Chegando em uma parte importante do meu romance, aquele após a primeira metade em que tudo parece muito crítico, muito perigoso e muito assustador — ao menos para mim —, tenho buscado um pouco de apoio nos ensinamentos dos que escreveram antes e que permanecerão muito. Algumas cartas contém bons pontos de vista para seguirmos ou ajustarmos a nossa realidade, falam de amizade e apoio mútuo, desabafos e inquietações.
A escrita enquanto força, conhecimento, medo, amor, um lugar, entranhas, destino. A vontade de fazê-la coisa real.
Quero começar com um trecho da carta de Lygia Fagundes Telles para Érico Veríssimo, em 1943, e acredito que todo escritor — que não vive de escrita — e que precisa enfrentar o mercado de trabalho para pagar as contas e sustentar a vida muito adulta, pode se identificar. Nos meus anos na UFC, estudando para o meu ofício de secretária executiva, usei de inúmeras aulas para escrever e rascunhar pequenas histórias e poesias. O desejo de ser uma escritora crescia muito mais que o desejo de qualquer outra ocupação. Com os pés no chão fiquei, mas os dedos cavaram fundo e arrancam a palavra de dentro de mim.
Trechos ou capítulos inteiros de possíveis romances, contos e planejamentos foram escritos no ônibus, nas notas do celular, enquanto eu ia para o meu destino CLT — até hoje. Horas de almoço também. Um minuto entre escrever ofícios e e-mails também. Meus dedos de escritora batendo o ponto da empresa todos os cinco dias úteis da semana, mas também os exercitando para a literatura.
Erico Verissimo, estou numa sala onde trabalho, isto é, onde devo deixar todos os dias num livro, fincado como um marco, o vestígio da minha passagem. Em outros termos, funcionária pública, a pior funcionária pública que existe no mundo. Leio romances enfurnados na gaveta, tenho o ar dolorido para que não me deem serviço e, quando me obrigam mesmo, faço que nem o meu nariz, só para que não caiam na tolice de me utilizarem de novo. Ainda por cima, escrevo meus contos nesses blocos oficiais que – diga-se de passagem –, são feitos de ótimo papel.
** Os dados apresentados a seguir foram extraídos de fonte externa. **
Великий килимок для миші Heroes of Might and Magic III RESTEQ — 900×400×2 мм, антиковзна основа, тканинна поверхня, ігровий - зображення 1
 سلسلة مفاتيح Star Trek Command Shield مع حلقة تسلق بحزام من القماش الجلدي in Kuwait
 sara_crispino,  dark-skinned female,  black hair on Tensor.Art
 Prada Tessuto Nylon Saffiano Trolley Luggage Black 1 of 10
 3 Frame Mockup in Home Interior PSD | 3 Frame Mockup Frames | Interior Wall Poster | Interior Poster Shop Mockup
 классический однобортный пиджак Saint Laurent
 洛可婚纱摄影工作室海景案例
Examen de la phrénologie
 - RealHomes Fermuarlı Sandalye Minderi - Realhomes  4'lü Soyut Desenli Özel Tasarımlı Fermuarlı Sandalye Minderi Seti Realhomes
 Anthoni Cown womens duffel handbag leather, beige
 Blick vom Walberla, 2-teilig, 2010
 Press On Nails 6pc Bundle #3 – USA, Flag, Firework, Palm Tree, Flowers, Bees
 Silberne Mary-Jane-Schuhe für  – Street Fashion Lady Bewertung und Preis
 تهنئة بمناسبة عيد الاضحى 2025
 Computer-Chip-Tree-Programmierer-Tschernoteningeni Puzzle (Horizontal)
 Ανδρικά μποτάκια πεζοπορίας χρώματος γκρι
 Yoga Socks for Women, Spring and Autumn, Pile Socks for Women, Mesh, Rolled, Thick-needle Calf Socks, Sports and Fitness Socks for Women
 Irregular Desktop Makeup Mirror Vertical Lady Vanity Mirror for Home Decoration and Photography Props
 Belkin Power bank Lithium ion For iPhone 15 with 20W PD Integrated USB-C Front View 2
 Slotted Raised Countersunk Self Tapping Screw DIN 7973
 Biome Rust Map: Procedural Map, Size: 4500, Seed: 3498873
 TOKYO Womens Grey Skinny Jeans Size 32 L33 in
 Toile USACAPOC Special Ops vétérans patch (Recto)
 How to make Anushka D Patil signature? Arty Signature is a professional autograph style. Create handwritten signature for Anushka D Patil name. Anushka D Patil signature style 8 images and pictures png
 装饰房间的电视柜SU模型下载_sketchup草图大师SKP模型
Veja você que horror!
Na carta de Drummond para João Cabral de Melo Neto, em 1942, já somos acertados com a opinião de que tudo que foi escrito deve ser publicado. Aqui, já entro com um meio termo, pois acredito que o escritor deve procurar ter bem definido — e não que não possa ser modificado em algum momento ao longo da caminhada literária — o seu projeto literário, para então decidir pela publicação ou engavetamento de uma história. Temos muitas ideias, mas nem todas precisam ser desenvolvidas. Nem tudo precisa ser dito, muito menos publicado. Um grande texto publicável pode vir de um esforço literário imenso assim como de um dia de tédio. A coisa escrita, “nascida” de um parto dolorido ou não, às vezes é só para nós mesmos. Para os nossos processos e aperfeiçoamentos, sem a necessidade do olhar do outro. Sem a necessidade do dito: escrevi! Mas para Drummond, isso seria narcisismo ou covardia.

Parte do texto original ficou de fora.